Jornal do Brasil, 28 de junho de 2007

Quando quatro livros de autores famosos são publicados quase ao mesmo tempo,
defendendo opiniões substancialmente idênticas por meio da mesma técnica
argumentativa, é óbvio que não estamos diante de um festival de coincidências, mas
de uma campanha destinada a prosseguir por meios cada vez mais abrangentes e a
alcançar resultados bem mais substantivos do que o frisson publicitário de um
momento.

Se, ademais, esse esforço vem junto com medidas legais tomadas em vários países
para dar imediata realização prática ao mesmo objetivo que os livros propõem como
ideal e desejável — expelir a religião da vida pública –, então é claro que o
intuito dessas obras não é colocar nada em discussão, não é nem mesmo persuadir, é
apenas legitimar a imposição de poder mediante uma camuflagem de debate público.

As contribuições pessoais dos srs. Sam Harris, Richard Dawkins, Daniel Dennett e
Christopher Hitchens à guerra anticristã mundial destacam-se pela uniformidade com
que apelam a uma técnica argumentativa inusitada, raríssima, tão contrastante com o
seu prestígio, que a probabilidade de ter ocorrido espontaneamente aos quatro é de
um infinitesimal tendente a zero. Chego a me perguntar se esses livros foram
realmente escritos por seus autores nominais, se estes não se limitaram a dar
acabamento a rascunhos preparados por algum engenheiro comportamental.

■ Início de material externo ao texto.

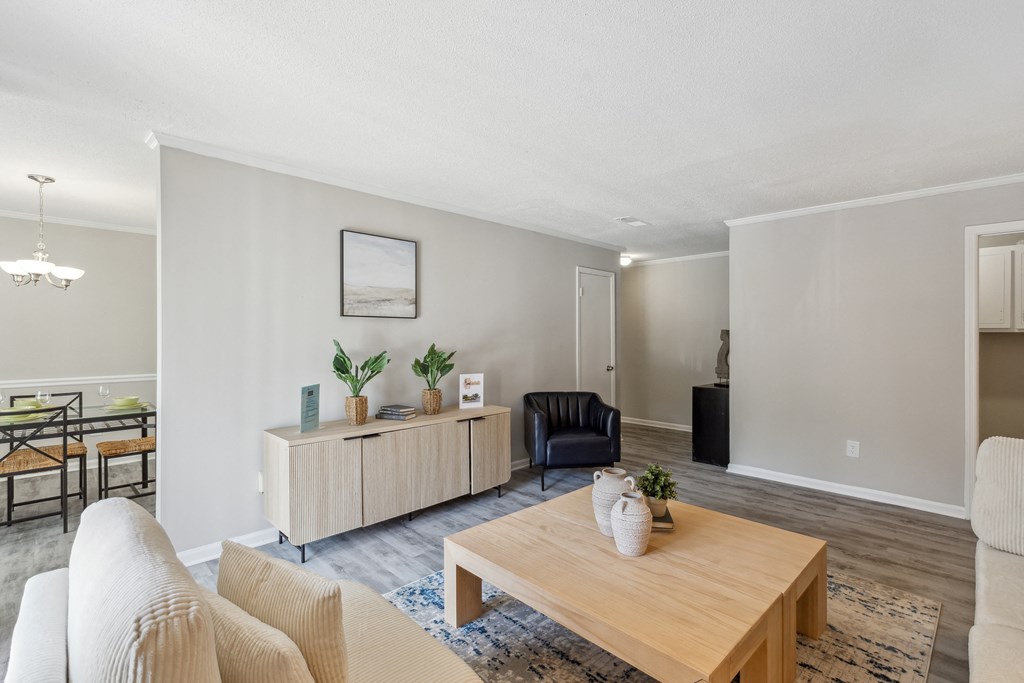 a living room with a couch and a table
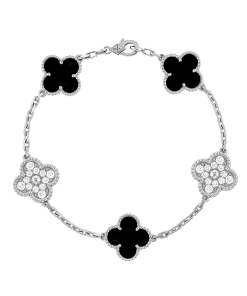 18K Vintage Alhambra Five Motifs Black Diamonds Bracelet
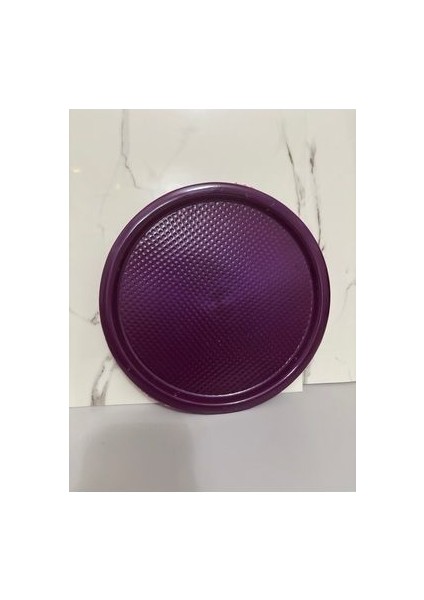 Renkli Tepsi Kristal Plastik Yuvarlak 22CM Mor
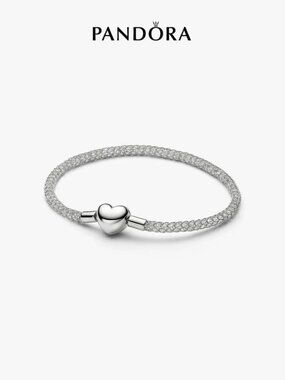 Pandora Heart Clasp Sparkling Mesh Bracelet, Platinum Plated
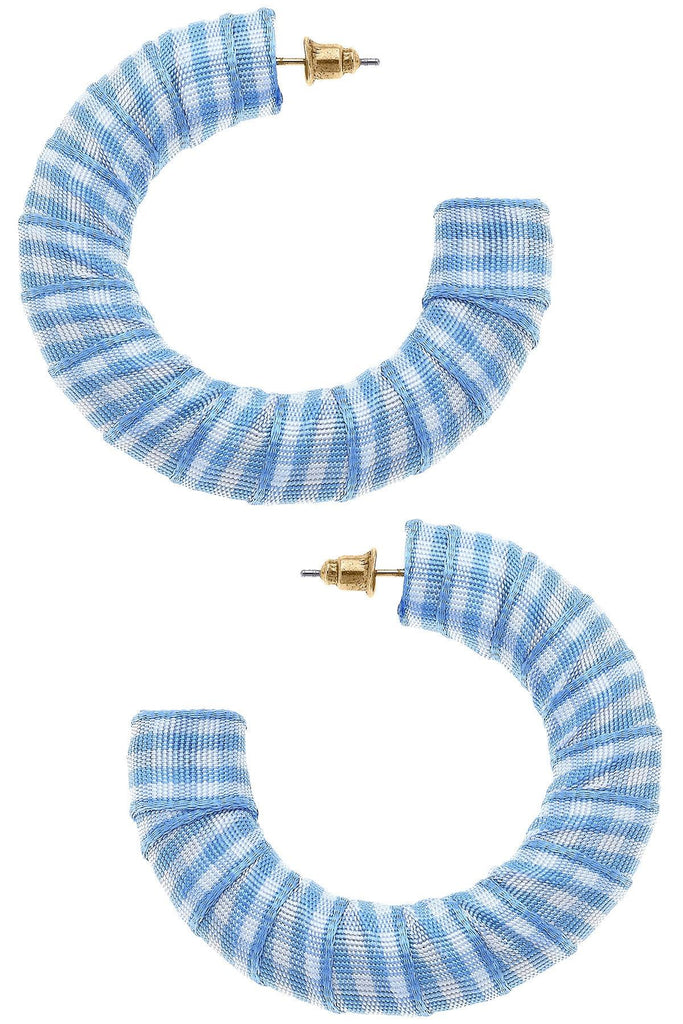 Reese Gingham Statement Hoop Earrings in Blue - Canvas Style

Esse modus argüendi , já conhecido dos antigos retóricos mas quase nunca usado em
debates intelectuais, consiste em apresentar com ares de seriedade, e com o
respaldo de uma credibilidade pessoal prévia, argumentos propositadamente indignos
dela: vulgares, grosseiros e fundados numa ignorância monstruosa das complexidades
do assunto.

À primeira vista o adversário (por exemplo Michael Novak na National Review de


maio) imagina que os quatro ficaram loucos, que, arrebatados pelo ódio, abdicaram
de toda sofisticação intelectual e resolveram dar a cara a tapa.

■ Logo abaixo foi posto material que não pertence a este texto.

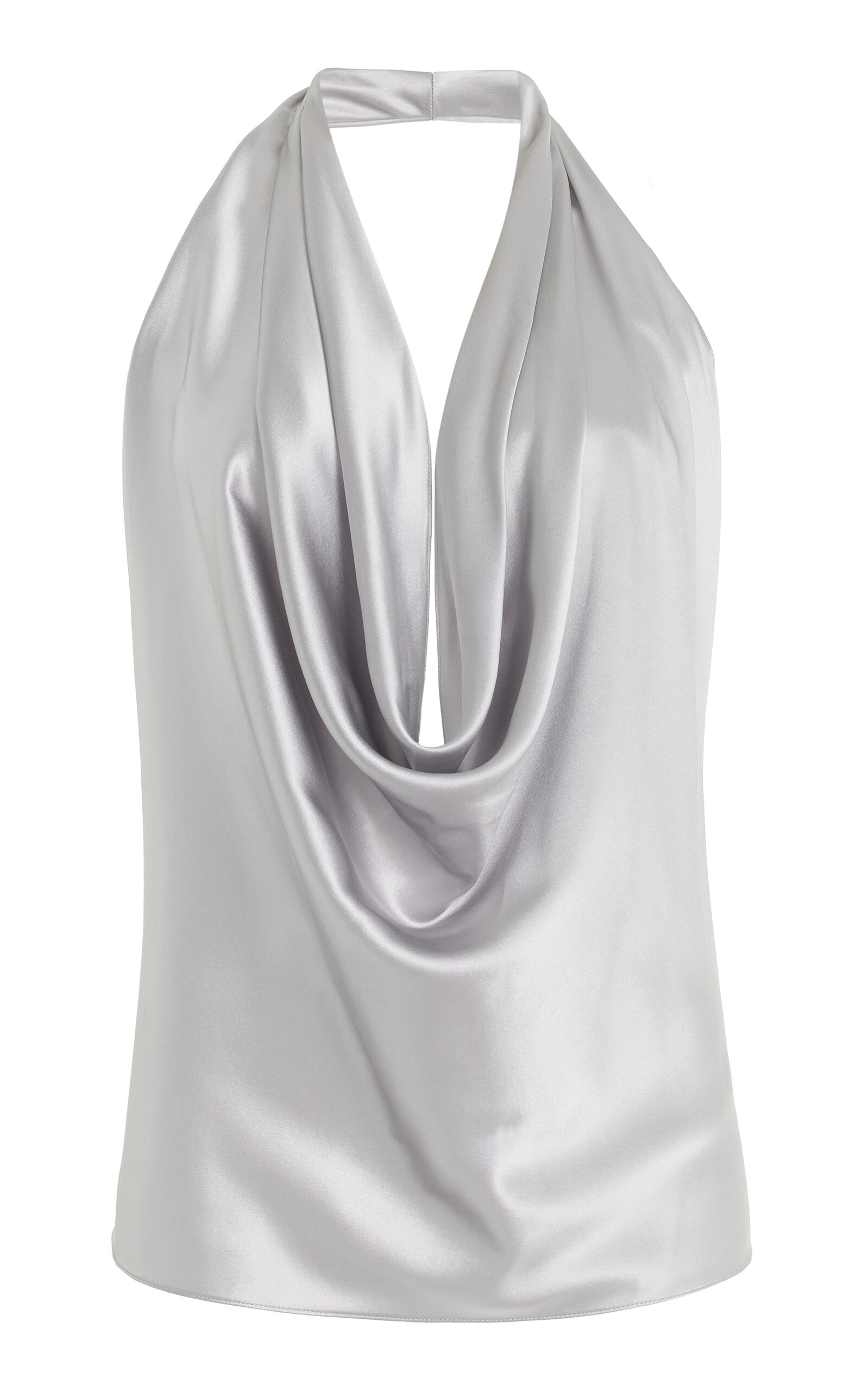 Shop Alejandra Alonso Rojas Draped Silk Halter Top In Silver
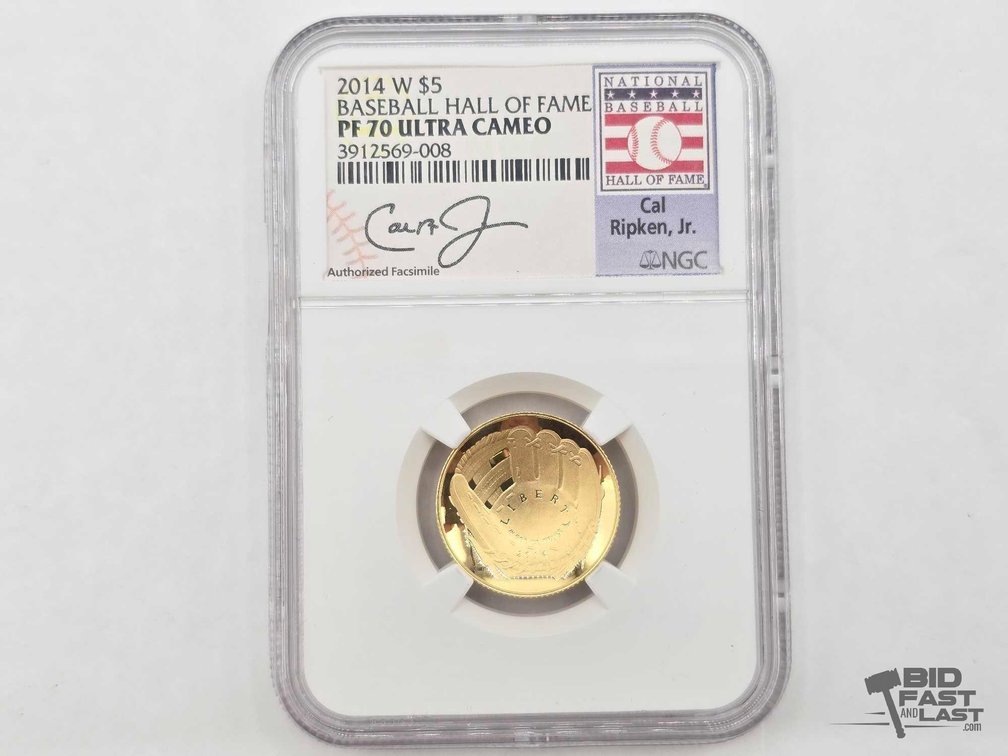 2014 $5 Gold National Baseball Hall Of Fame Coin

Mas o tapa não os atinge. A técnica que empregam não se usa para vencer uma
discussão, e sim para impossibilitá-la. Nenhuma discussão é viável sem a posse
comum de um corpo de conhecimentos fundamentais sobre a matéria em debate. Se um
dos lados se furta propositadamente a tratar do assunto no nível intelectual
requerido, o interlocutor sério não tem alternativa senão explicar tudo desde o
princípio, alongando-se em sutilezas que darão a penosa impressão de embromações
pedantes e que o auditório, fundado na confiança usual que tem na autoridade do
outro lado, muito provavelmente se recusará a ouvir. William Hazlitt, num ensaio
clássico, já falava das “desvantagens da superioridade intelectual”, mas não previu
que elas se tornariam ainda maiores no confronto com a ignorância planejada. Nem
mesmo os maiores trapaceiros ideológicos do século XX, um Sartre ou um Chomsky, se
rebaixaram ao ponto de apelar a esse expediente e fazer da burrice uma ciência,
como temia o nosso Ruy Barbosa. A vida intelectual no mundo teve de perder o último
vestígio de dignidade para que pudessem aparecer, no horizonte dos debates
letrados, os quatro cavalos do Apocalipse.